How to complete this task: Look through the data below for the line with "Interrupteur de leve", and transcribe it exactly together with each line after it up to and including the line with "Semesterbostad Superbe Ferme". Give nothing else.

Input:

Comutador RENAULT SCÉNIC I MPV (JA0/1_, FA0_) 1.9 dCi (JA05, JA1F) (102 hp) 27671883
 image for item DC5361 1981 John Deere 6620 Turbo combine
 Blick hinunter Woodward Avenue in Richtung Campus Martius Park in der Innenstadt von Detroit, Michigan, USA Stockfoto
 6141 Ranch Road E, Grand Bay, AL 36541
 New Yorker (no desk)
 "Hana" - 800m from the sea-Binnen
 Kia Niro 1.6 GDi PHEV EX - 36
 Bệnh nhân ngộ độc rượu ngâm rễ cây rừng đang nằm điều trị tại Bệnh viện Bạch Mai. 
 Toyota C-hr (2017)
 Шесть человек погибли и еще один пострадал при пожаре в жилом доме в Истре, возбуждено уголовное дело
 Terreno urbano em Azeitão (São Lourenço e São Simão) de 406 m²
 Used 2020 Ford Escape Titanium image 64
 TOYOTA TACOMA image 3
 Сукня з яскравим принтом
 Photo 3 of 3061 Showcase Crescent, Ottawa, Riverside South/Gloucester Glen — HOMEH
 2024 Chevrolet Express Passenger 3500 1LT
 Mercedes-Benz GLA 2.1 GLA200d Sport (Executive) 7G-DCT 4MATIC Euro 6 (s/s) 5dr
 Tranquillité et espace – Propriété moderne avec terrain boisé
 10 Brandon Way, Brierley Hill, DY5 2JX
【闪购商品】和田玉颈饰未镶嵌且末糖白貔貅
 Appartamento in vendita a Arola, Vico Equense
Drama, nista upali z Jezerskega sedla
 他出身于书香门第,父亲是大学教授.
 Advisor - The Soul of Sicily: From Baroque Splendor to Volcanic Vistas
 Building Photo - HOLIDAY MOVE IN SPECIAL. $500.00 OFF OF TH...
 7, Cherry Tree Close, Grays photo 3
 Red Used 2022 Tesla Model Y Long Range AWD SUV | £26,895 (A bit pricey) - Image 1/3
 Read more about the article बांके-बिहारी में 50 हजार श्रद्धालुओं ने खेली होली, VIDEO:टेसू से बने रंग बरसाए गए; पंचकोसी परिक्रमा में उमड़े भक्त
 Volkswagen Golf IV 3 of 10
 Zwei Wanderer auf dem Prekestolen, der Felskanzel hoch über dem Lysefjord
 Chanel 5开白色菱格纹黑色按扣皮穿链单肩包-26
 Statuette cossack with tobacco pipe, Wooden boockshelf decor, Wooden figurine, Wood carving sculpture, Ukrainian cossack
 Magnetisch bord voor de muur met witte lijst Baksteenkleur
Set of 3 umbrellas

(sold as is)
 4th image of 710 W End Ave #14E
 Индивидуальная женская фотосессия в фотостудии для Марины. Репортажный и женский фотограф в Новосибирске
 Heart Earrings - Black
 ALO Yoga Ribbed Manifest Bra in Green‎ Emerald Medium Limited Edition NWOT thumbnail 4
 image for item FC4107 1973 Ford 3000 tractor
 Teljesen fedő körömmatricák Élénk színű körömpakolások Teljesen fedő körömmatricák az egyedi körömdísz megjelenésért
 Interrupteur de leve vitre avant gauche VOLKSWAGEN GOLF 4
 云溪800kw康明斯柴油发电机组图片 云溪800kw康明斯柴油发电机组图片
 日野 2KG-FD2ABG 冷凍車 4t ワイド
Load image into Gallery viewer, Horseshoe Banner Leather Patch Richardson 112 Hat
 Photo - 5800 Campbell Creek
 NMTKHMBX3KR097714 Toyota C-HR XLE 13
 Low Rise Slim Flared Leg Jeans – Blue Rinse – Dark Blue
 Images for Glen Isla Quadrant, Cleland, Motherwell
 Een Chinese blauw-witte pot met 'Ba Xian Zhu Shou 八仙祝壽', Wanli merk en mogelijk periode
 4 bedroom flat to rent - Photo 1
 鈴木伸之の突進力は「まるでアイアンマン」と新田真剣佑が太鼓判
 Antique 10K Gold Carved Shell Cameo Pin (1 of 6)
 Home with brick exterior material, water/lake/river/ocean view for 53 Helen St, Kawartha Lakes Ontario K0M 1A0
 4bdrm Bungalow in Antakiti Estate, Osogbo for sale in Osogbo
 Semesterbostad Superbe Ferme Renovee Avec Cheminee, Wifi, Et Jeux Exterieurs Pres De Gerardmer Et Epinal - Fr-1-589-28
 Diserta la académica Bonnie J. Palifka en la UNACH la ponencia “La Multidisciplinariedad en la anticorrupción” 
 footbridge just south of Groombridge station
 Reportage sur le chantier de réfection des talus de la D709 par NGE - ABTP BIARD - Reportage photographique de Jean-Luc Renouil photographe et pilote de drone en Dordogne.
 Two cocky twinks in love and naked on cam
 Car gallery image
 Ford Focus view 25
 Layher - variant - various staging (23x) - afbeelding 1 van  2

Written solution:
 Interrupteur de leve vitre avant gauche VOLKSWAGEN GOLF 4
 云溪800kw康明斯柴油发电机组图片 云溪800kw康明斯柴油发电机组图片
 日野 2KG-FD2ABG 冷凍車 4t ワイド
Load image into Gallery viewer, Horseshoe Banner Leather Patch Richardson 112 Hat
 Photo - 5800 Campbell Creek
 NMTKHMBX3KR097714 Toyota C-HR XLE 13
 Low Rise Slim Flared Leg Jeans – Blue Rinse – Dark Blue
 Images for Glen Isla Quadrant, Cleland, Motherwell
 Een Chinese blauw-witte pot met 'Ba Xian Zhu Shou 八仙祝壽', Wanli merk en mogelijk periode
 4 bedroom flat to rent - Photo 1
 鈴木伸之の突進力は「まるでアイアンマン」と新田真剣佑が太鼓判
 Antique 10K Gold Carved Shell Cameo Pin (1 of 6)
 Home with brick exterior material, water/lake/river/ocean view for 53 Helen St, Kawartha Lakes Ontario K0M 1A0
 4bdrm Bungalow in Antakiti Estate, Osogbo for sale in Osogbo
 Semesterbostad Superbe Ferme Renovee Avec Cheminee, Wifi, Et Jeux Exterieurs Pres De Gerardmer Et Epinal - Fr-1-589-28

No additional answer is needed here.